Introduction: Karin Plante

Hi everyone,

My name is Karin Plante and I am currently a junior biochemistry major here at WPI. I ended up in Light Art after exploring different mediums via Essentials of Art, Digital Imaging and Computer Art, Graphic Design and Glassblowing I. Although this list might suggest I am a digital artist, I actually consider myself heavily a traditional artist: I like to draw, to paint … to create physically with my hands. I believe this quality stems from my beginnings in a Montessori school, which taught wholly with a hands-on based curriculum. The first time when I actually considered myself somewhat artistic, however, was when I decided to take up art lessons outside of school in 9th grade. I had always had art classes previously in school, however with the move to high school and my decision to pursue music with the one free elective I had (I play alto saxophone), there was no longer any room in my class schedule. It was in these art lessons that I learned to slow down and enjoy the process whereas previously in school art classes, everyone rushed to finish and move on. I explored many new mediums in this setting, too, such as gouache, printmaking (of many types), oil painting, metalworking as well as others. I have to say I enjoyed printmaking the most, as it’s very methodical and calming, in addition to the fact that one piece’s influence could be spread a lot more.

Owl Print.
Gorilla Print

.Creatively, I am inspired by other artists, as well as nature. While I don’t find myself creating landscapes, I do tend to focus on animal subject matter quite often, a subject that appears across many different mediums I’ve worked with. Included are a few examples: firstly, an owl print, created via etching into acrylic plastic with modified printmaking tools. I really like this technique, as both the presence and intensity of the ink can be altered by how deep the etching is in each particular area. This is perhaps my favorite print (possibly tied with the gorilla print), as the work was very detailed, even requiring me to use a jeweler’s magnifying glass set-up to etch individual hairs and/or feathers.

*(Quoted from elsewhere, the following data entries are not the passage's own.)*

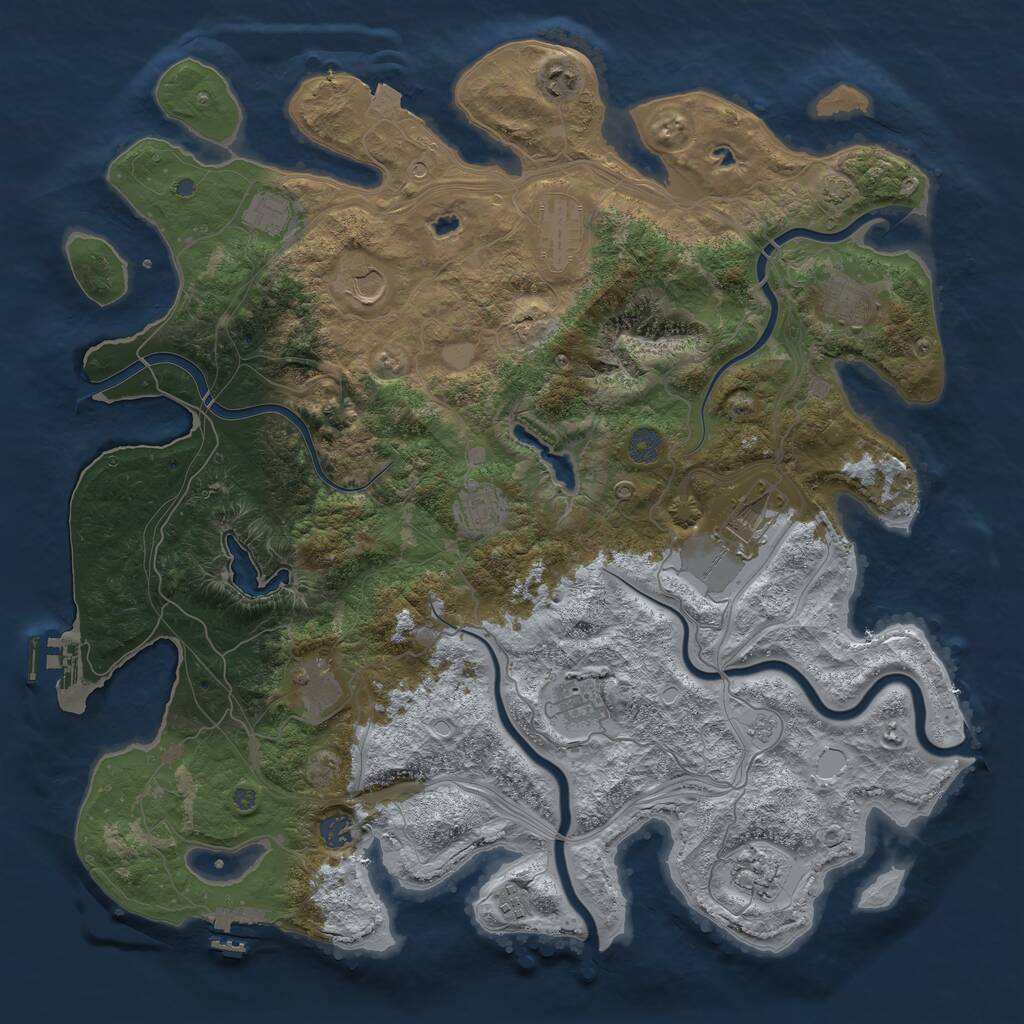 Rust Map: Procedural Map, Size: 4500, Seed: 1691758628, 17 Monuments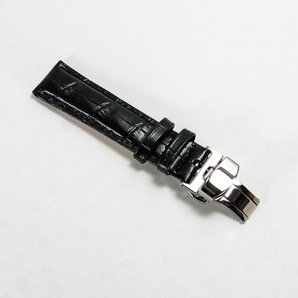 腕時計ベルト 牛皮製クロコ模様型押しプッシュボタン式Ｄバックル黒色１８ｍｍ 新品の画像3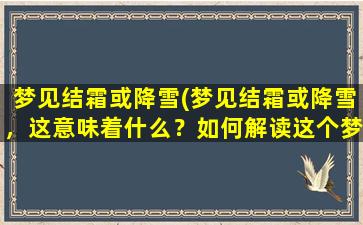 梦见结霜或降雪(梦见结霜或降雪，这意味着什么？如何解读这个梦境？)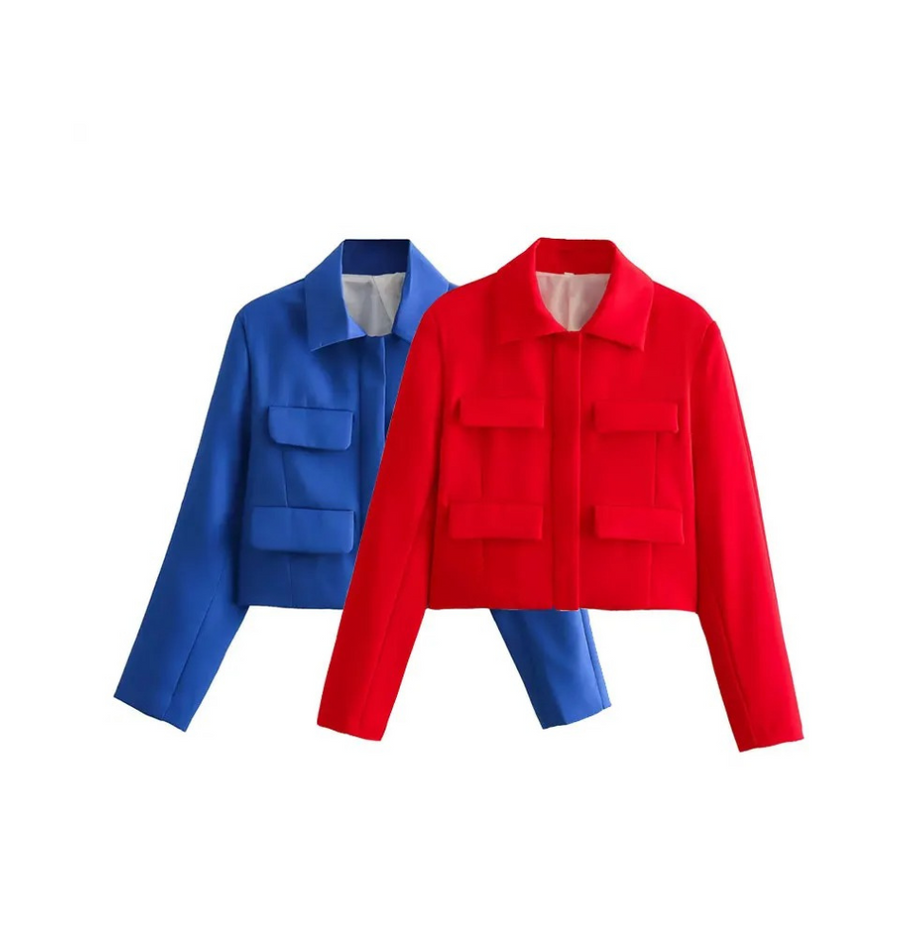 WW | Bomberjack Damen Kurzjacke mit Vier Fronttaschen und Minimalistischem Design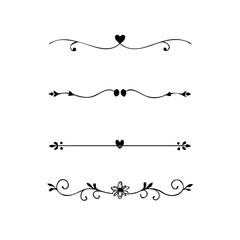 Set of Vintage decorative lines. text dividers. Line border. Lines separators, Borders, Vintage dividers, Underline elements. Vector illustration
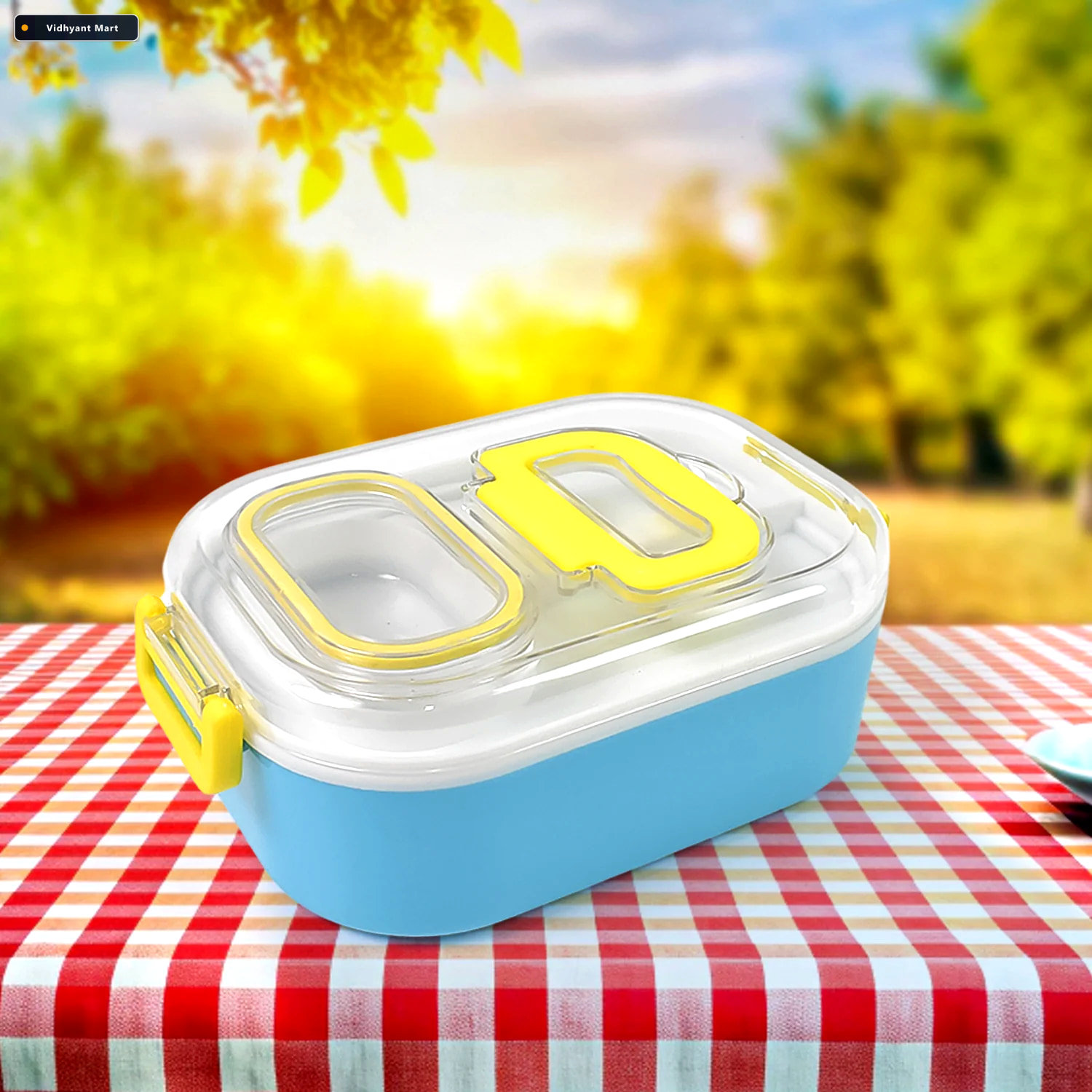 Vidhyant Mart Kids Lunch Box Durable Plastic With Spoon Fork Lun 2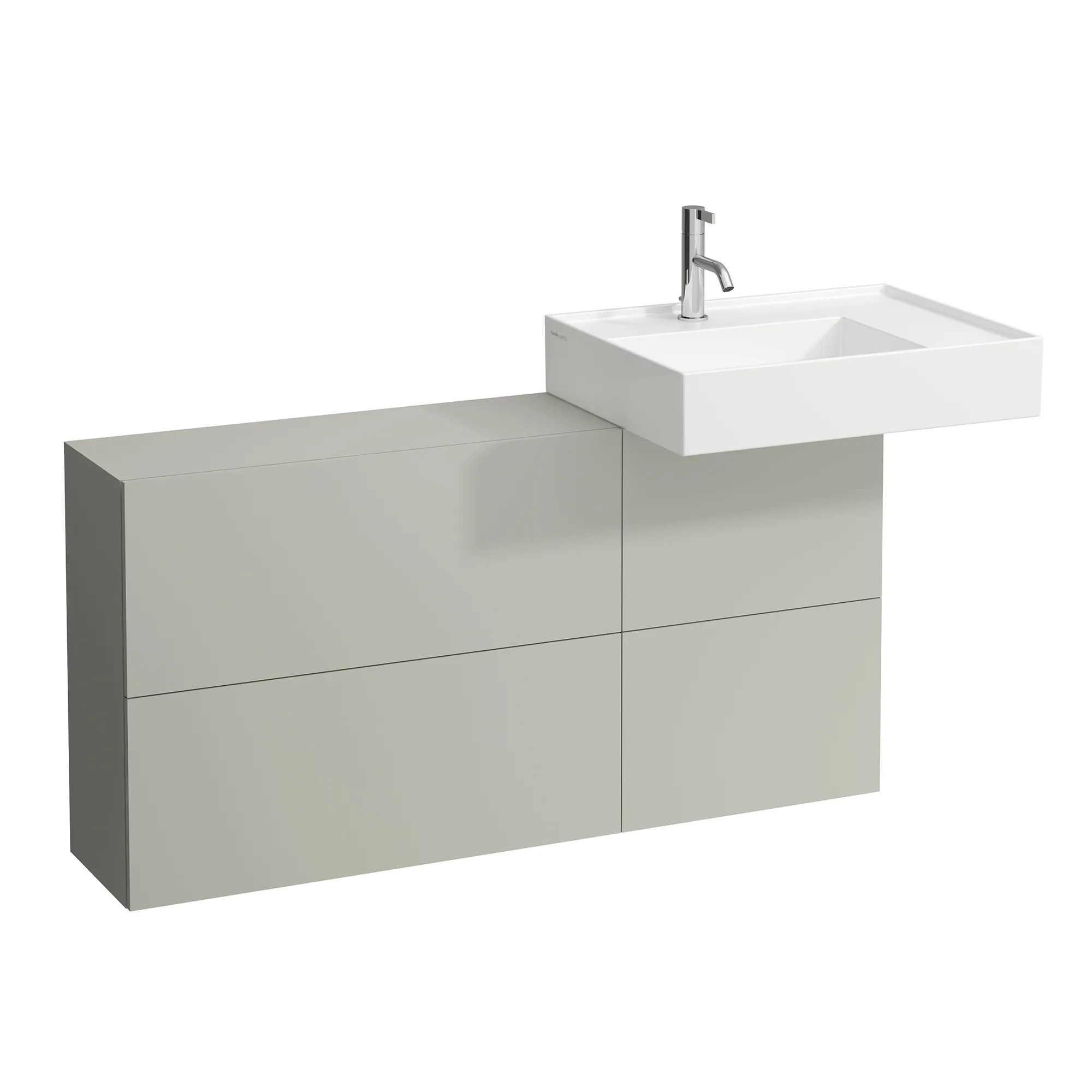 Laufen Waschtischunterbau „Kartell“ 270 × 610 × 1200 mm Kieselgrau, rechts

I say I am inspired by other artists because I find I need something to reference when creating art. Many artists in the World are incredibly creative and I take inspiration and learn from that creativity in my own way for my pieces. It really is about looking up to and learning from those I consider to be incredible at their craft. Below, left, is a piece I actually created with an intended deeper meaning (most of my artwork I create is out of an interest in depicting a subject as it is rather than to make a comment on some deep philosophical and/or political thing). This artwork, however, was different in that I was trying to comment on and represent all the untold stories behind the news. Many, many things are never mentioned, which I tried to represent as a ghostly figure sort of “trapped” behind the wall of text shown on the front page. I’ve also included a picture of the first time I tried digital painting (I took a digital painting humanities class at WPI in 2014!). I am very proud of this work in particular because I don’t consider myself a digital artist. At the bottom, I’ve included a watercolor still life I completed in my art class outside of school in 2012. I am not a big fan of water color, however I do like how this piece turned out.

The Untold Stories
David Boreanaz Digital Painting
Still life watercolor

Although I have no experience with programming and electronics (beyond simple fiddling), I look to combine what I am comfortable with in other traditional forms in light art. In the future, I’d like to continue with art. I think that, not only is it relaxing, but the principles of creativity and expression the arts promote can also be applied to STEM and the field(s) which I chose to pursue.